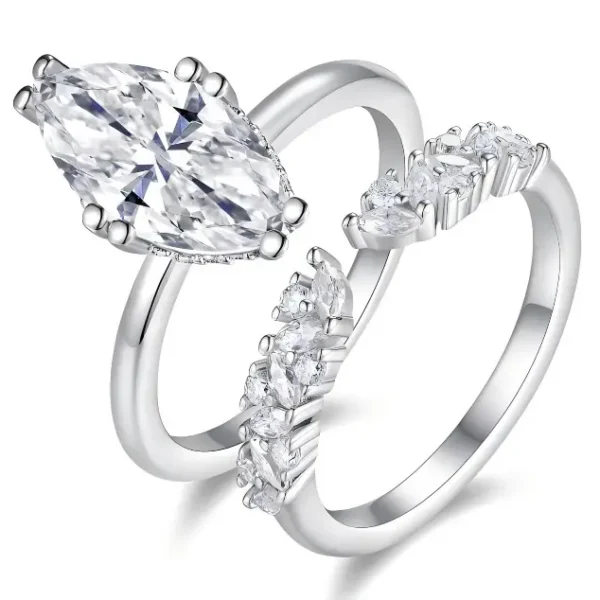 Marquise Cut Moissanite Solitaire Bridal Ring Set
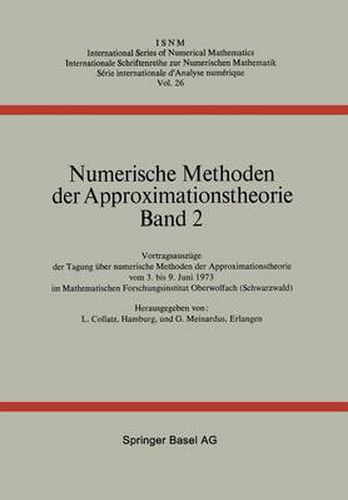 Cover image for Numerische Methoden Der Approximationstheorie: Band 2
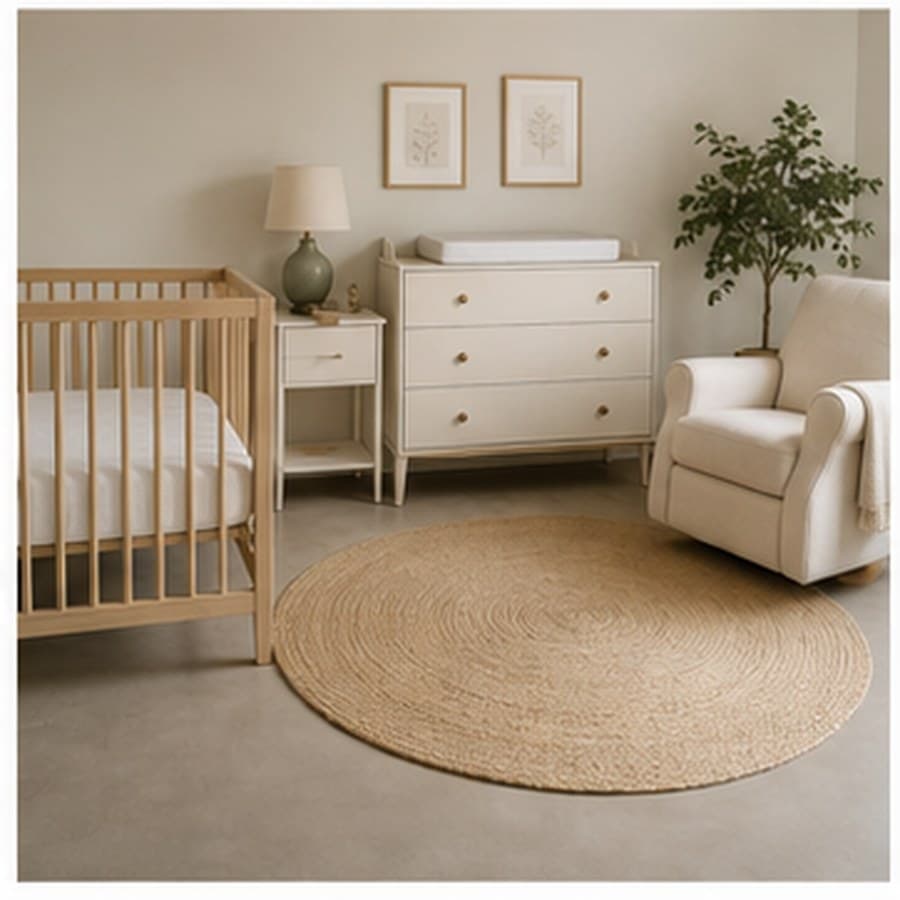 Nursery furniture concept with a crib, dresser, glider, lamp, and rug.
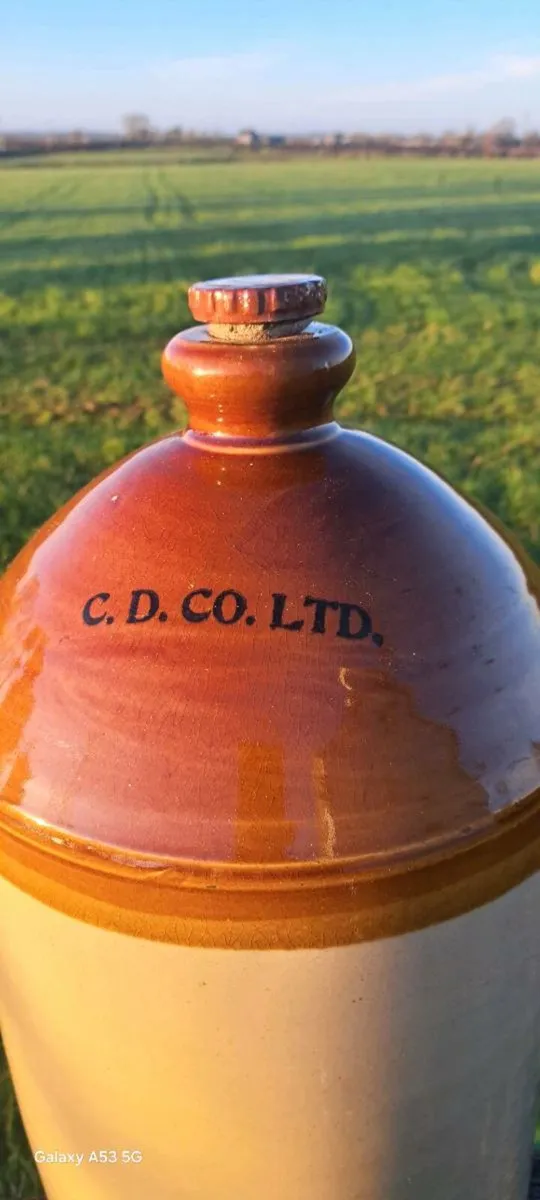 Old  extra large stone ware whiskey jug - Image 2
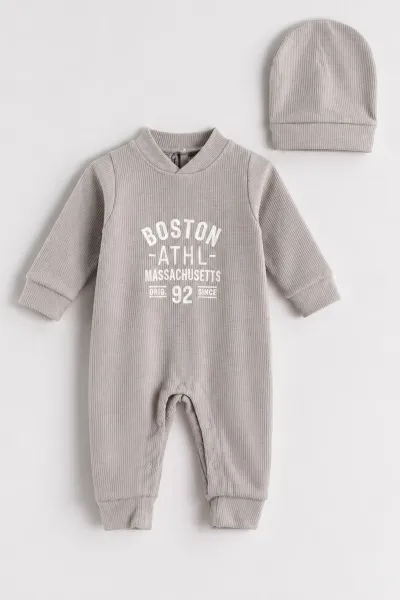 Taş (0-9 Ay)  Boston Nakışlı Waffle Kumaş Çıtçıtlı Şapkalı Erkek Bebek Tulum 486946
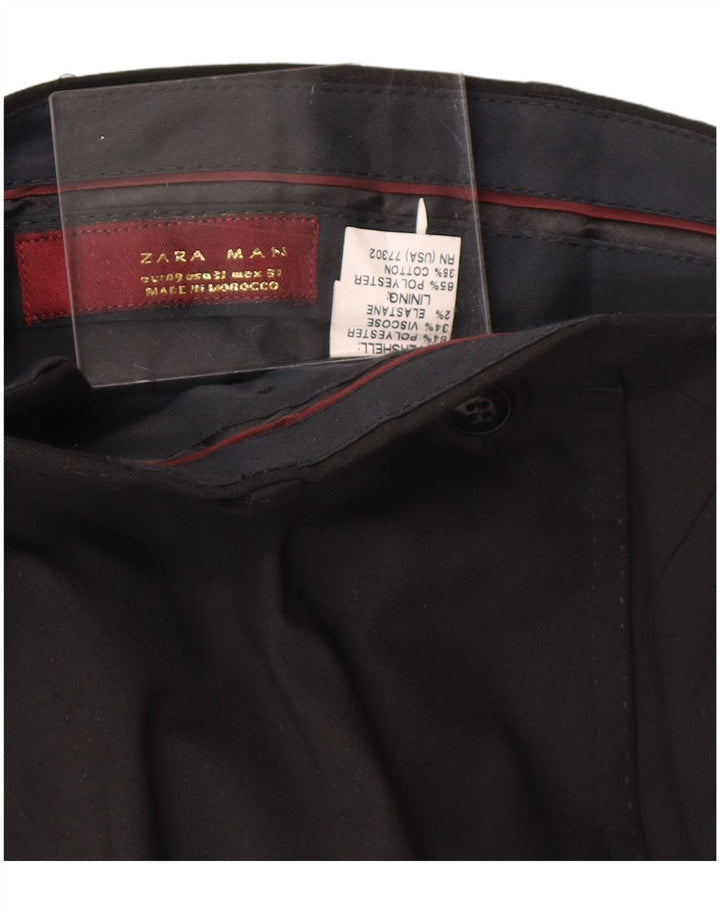 ZARA Herren-Anzughose, gerade, EU 40, Größe M, W31, L32, Schwarz, Polyester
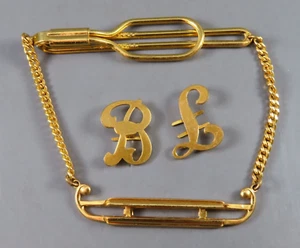 VTG GOLD TIE CLIP BAR w/CHAIN Sliding Letters CHANGEABLE MONOGRAM BL LB Initials - Picture 1 of 5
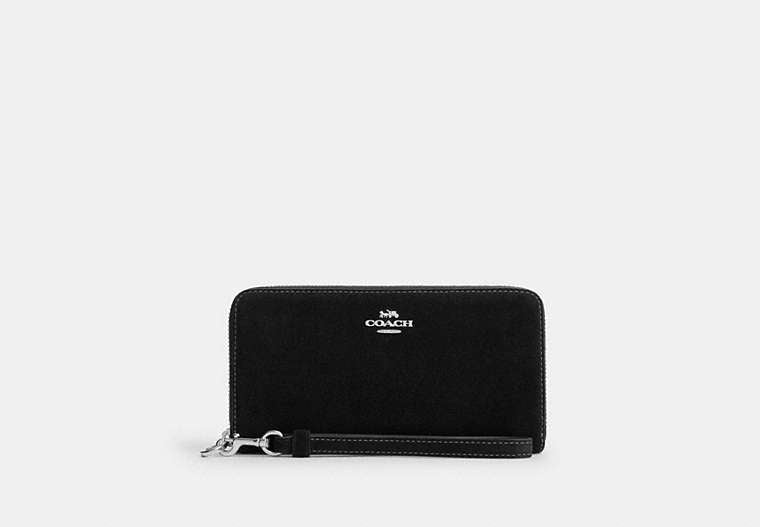 Long Zip Around Wallet - Silver/Black
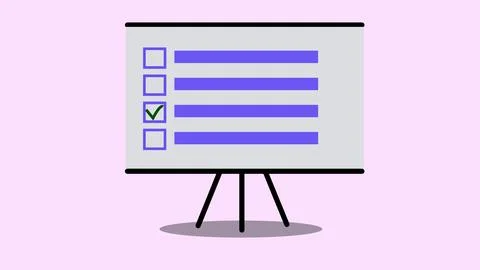 Presentation board with a checklist and lines of text, set a pink background. Stock Illustration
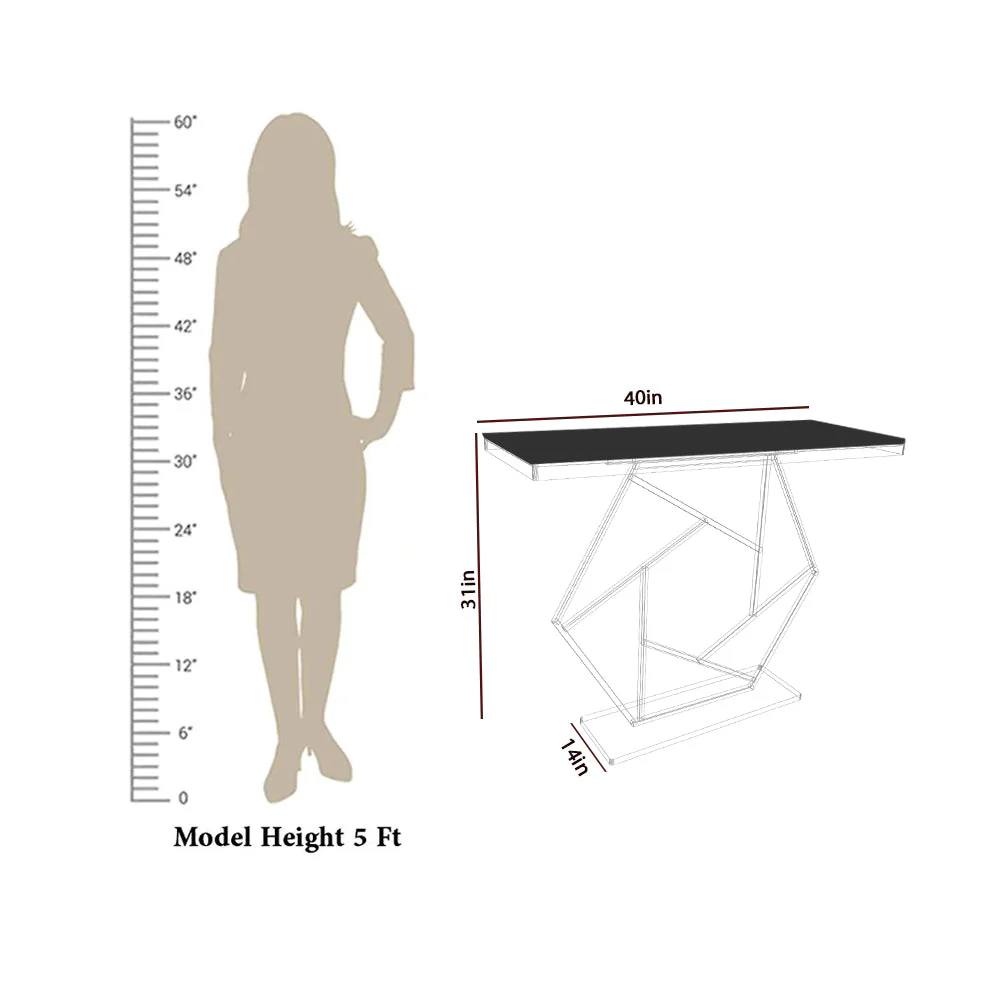 Contemporary Copper Finish Console Table In Hexagonal Design - Image 6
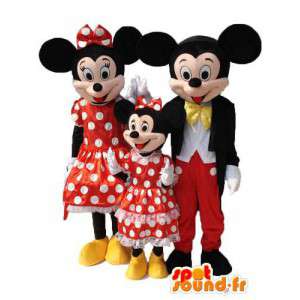 Mascotte famille de souris – Déguisement de 3 souris en famille  - MASFR003747 - Mascottes Mickey Mouse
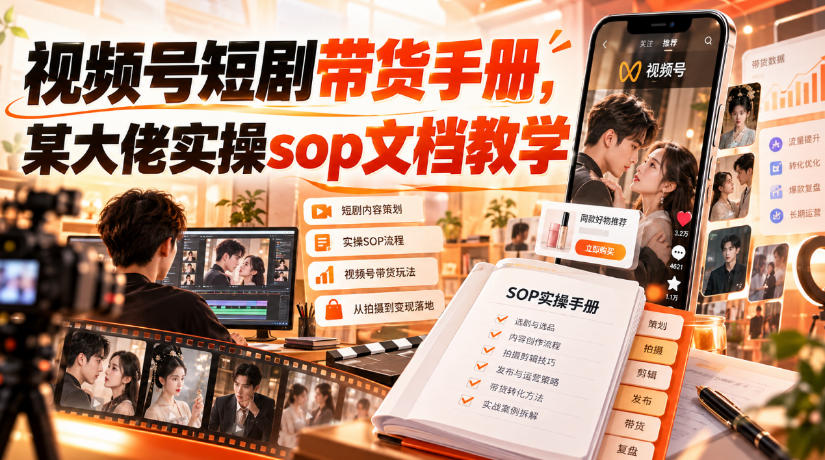 视频号短剧带货手册，某大佬实操sop文档教学-87副业网 - 互联网副业项目资源分享平台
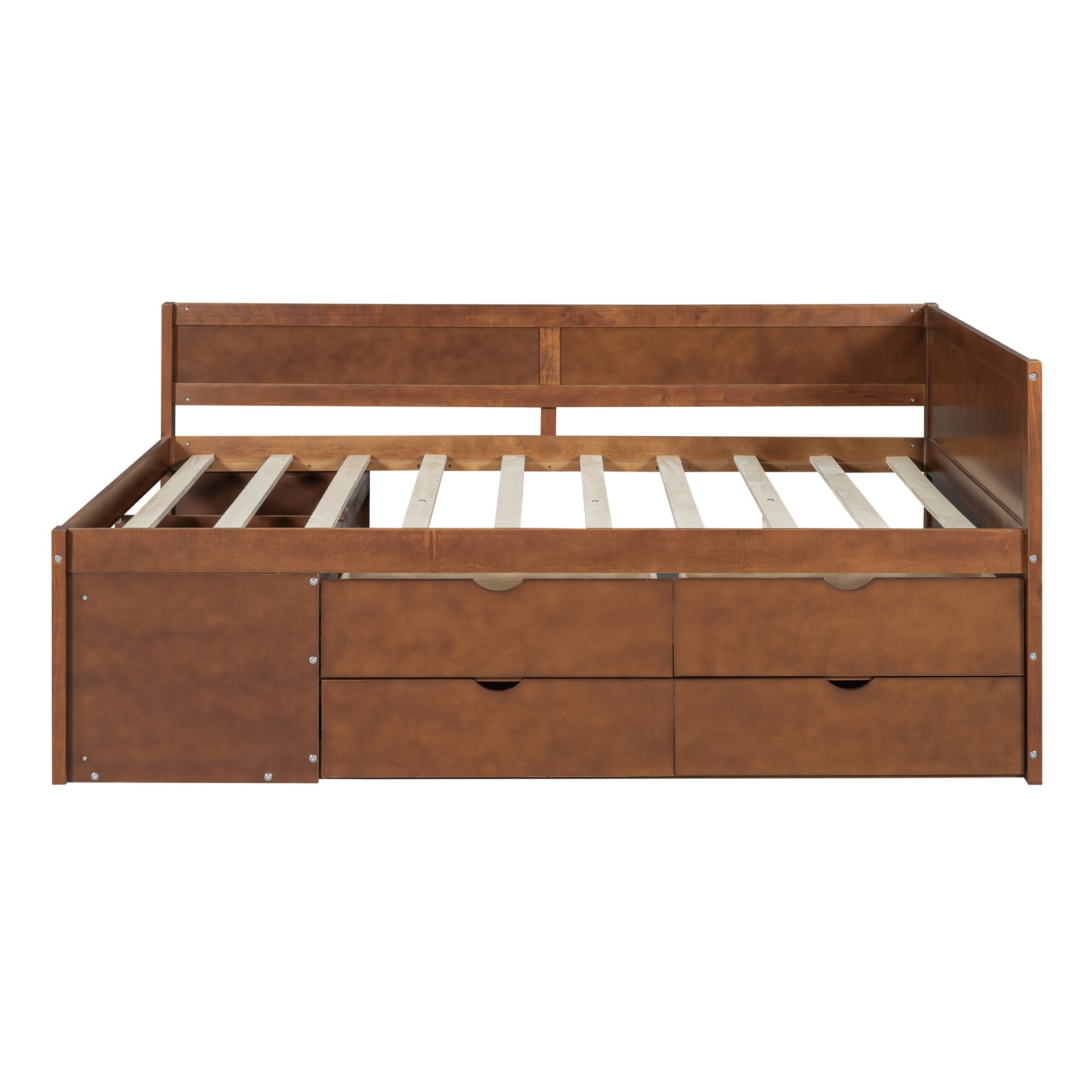 Full Size Daybed with Drawers and Shelves, Walnut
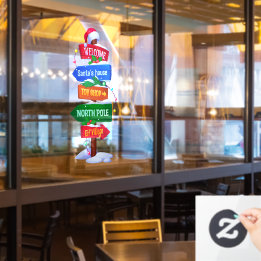 Autocollant Pour Fenêtre Christmas North Pole Sign Board Window Cling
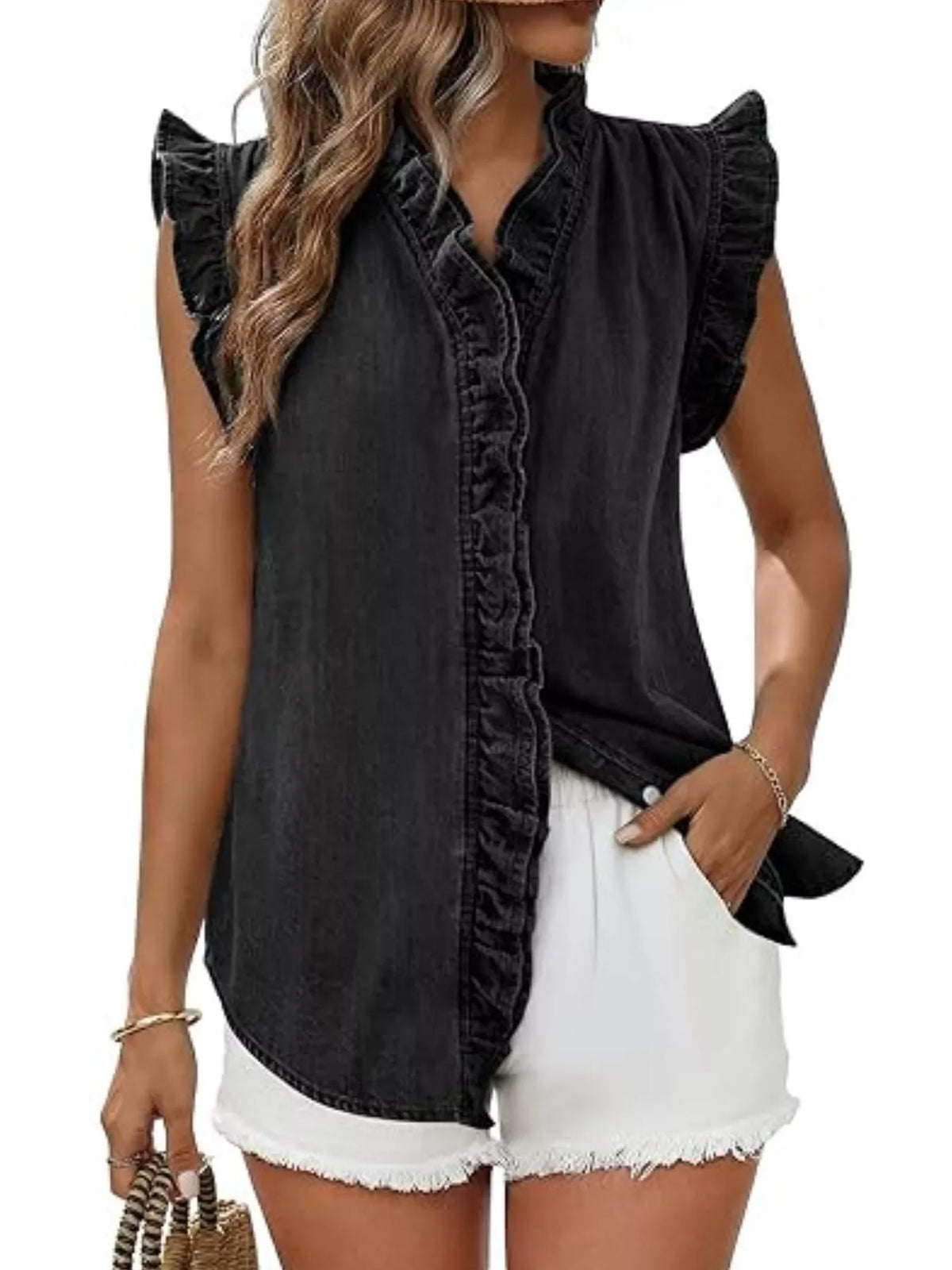 Ruffle Trim V-Neck Sleeveless Denim Top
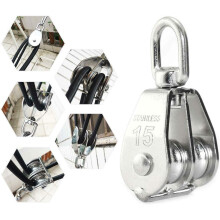 Superior Durability Stainless Steel Pulley System, 360DegreeSwivel, HeavyDutyPulleyWheel For IndoorOutdoorUse, HighLoadCapacity, CompletePulleyKit Inc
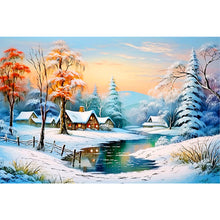 Load image into Gallery viewer, River And Snow 60*40CM(Canvas) Full Round Drill Diamond Painting
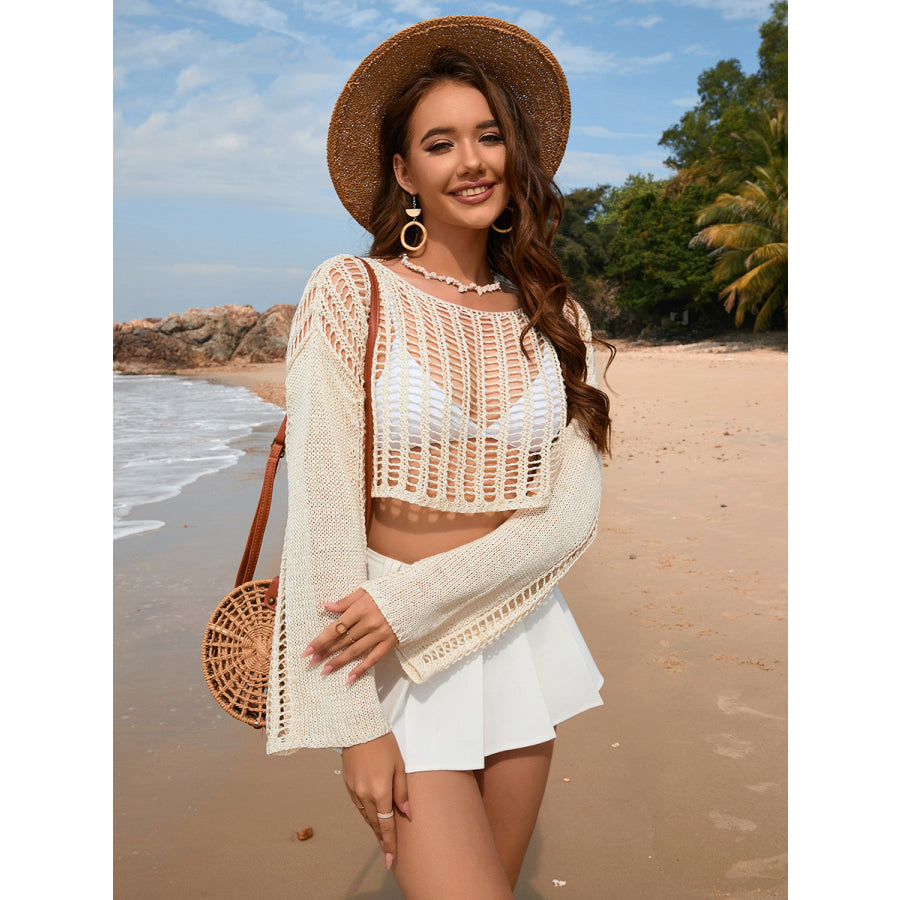 Openwork Boat Neck Long Sleeve Cover - Up Apparel and Accessories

━━━━━━━━━━

**Exercise goal**
The expected answer is the full listing above, transcribed exactly and without pictures.

**Task result**
 Marquise Cut Moissanite Solitaire Bridal Ring Set
 Cover image for Numerische Methoden Der Approximationstheorie: Band 2
 Nursery furniture concept with a crib, dresser, glider, lamp, and rug.
 Old  extra large stone ware whiskey jug - Image 2
 Taş (0-9 Ay)  Boston Nakışlı Waffle Kumaş Çıtçıtlı Şapkalı Erkek Bebek Tulum 486946
 ZARA Herren-Anzughose, gerade, EU 40, Größe M, W31, L32, Schwarz, Polyester
 VTG GOLD TIE CLIP BAR w/CHAIN Sliding Letters CHANGEABLE MONOGRAM BL LB Initials - Picture 1 of 5
 Long Zip Around Wallet - Silver/Black
 Presentation board with a checklist and lines of text, set a pink background. Stock Illustration
 Contemporary Copper Finish Console Table In Hexagonal Design - Image 6
 Mascotte famille de souris – Déguisement de 3 souris en famille  - MASFR003747 - Mascottes Mickey Mouse
 视频号短剧带货手册，某大佬实操sop文档教学-87副业网 - 互联网副业项目资源分享平台
 Full Size Daybed with Drawers and Shelves, Walnut
 Autocollant Pour Fenêtre Christmas North Pole Sign Board Window Cling
 Ruffle Trim V-Neck Sleeveless Denim Top
 Superior Durability Stainless Steel Pulley System, 360DegreeSwivel, HeavyDutyPulleyWheel For IndoorOutdoorUse, HighLoadCapacity, CompletePulleyKit Inc
 Load image into Gallery viewer, River And Snow 60*40CM(Canvas) Full Round Drill Diamond Painting
 Openwork Boat Neck Long Sleeve Cover - Up Apparel and Accessories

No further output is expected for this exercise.